Ich erzähle Ihnen, dass meine Eltern 1911 heiraten wollten. Und dass meine Großeltern, also die Eltern meiner Mutter, damals gesagt haben: „Nein, nein, kommt gar nicht in Frage, der ist ja ein Jude.“ Dann frage ich die Kinder, welche Religion sie haben oder welche Religion etwa Jesus hatte. Der war auch Jude. Damit will ich ihnen klar machen, wie eng die jüdische und die christliche Religion zusammenhängen. Das sollen sie begreifen. Außerdem erzähle ich Ihnen auch immer einen Witz, der herrlich ist. Wollen Sie ihn hören?
Auf jeden Fall.
Also: Ein altes Ehepaar liegt gemeinsam im Bett und kuschelt. Da sagt er: „Liebling, ich muss dir etwas gestehen. Ich habe dir die ganzen Jahre nie erzählt, dass ich farbenblind bin.“ „Aber das macht doch nichts“, sagt darauf seine Frau. „Denn auch ich muss dir etwas beichten: Ich komme gar nicht aus Genua, sondern aus Ghana.“ (lacht) Den Witz erzähle ich, weil ich möchte, dass die Kinder verstehen, dass weder die Hautfarbe noch die Religion im Umgang miteinander eine Rolle spielen.
Wird durch Ihre Besuche Geschichte dadurch greifbarer für die Schüler?

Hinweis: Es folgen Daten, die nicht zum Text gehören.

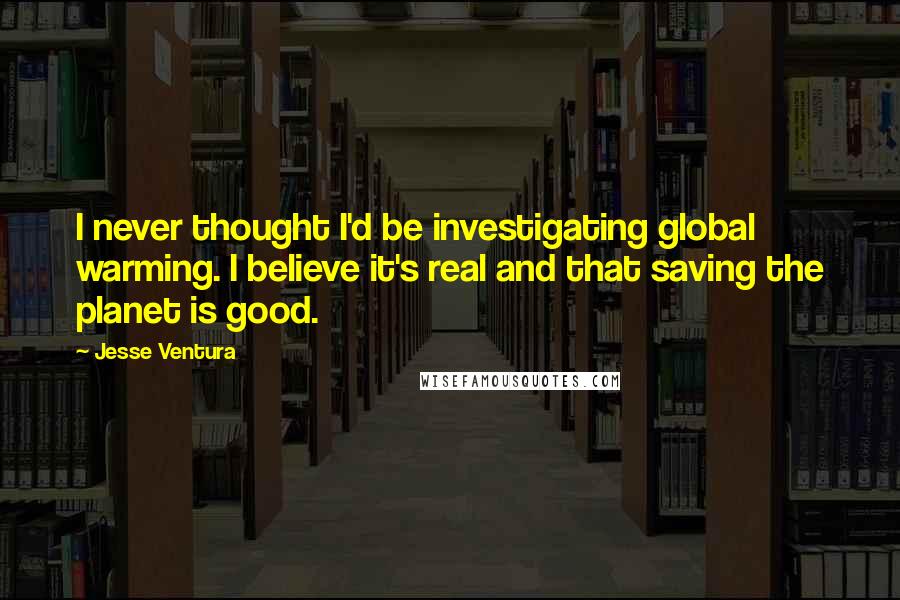 Jesse Ventura Quotes: I never thought I'd be investigating global warming. I believe it's real and that saving the planet is good.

Absolut. Ich versuche, das so verständlich wie möglich zu machen, und erzähle einfach aus meinem Leben. Allerdings ohne nur schwarz und weiß zu malen. So wie ich von den Nazis erzähle, beschreibe ich genauso, dass mich auch Holländer reinlegen wollten. Es gibt nie nur „gut“ und „schlecht“. Ich will den Kindern aber auch Vertrauen in sich selbst mit auf den Weg geben. Ich sage ihnen immer, dass sie so viel wie möglich lernen sollen. Denn was man im Kopf hat, das kann einem niemand nehmen. Meine Eltern sind mit 200 Mark aus Deutschland weggegangen und haben wieder von vorne angefangen. Ich versuche, den Jugendlichen klar zu machen, dass immer etwas passieren kann, das ihnen alles nimmt. Das müssen nicht nur politische Ereignisse sein, das können auch Naturkatastrophen sein.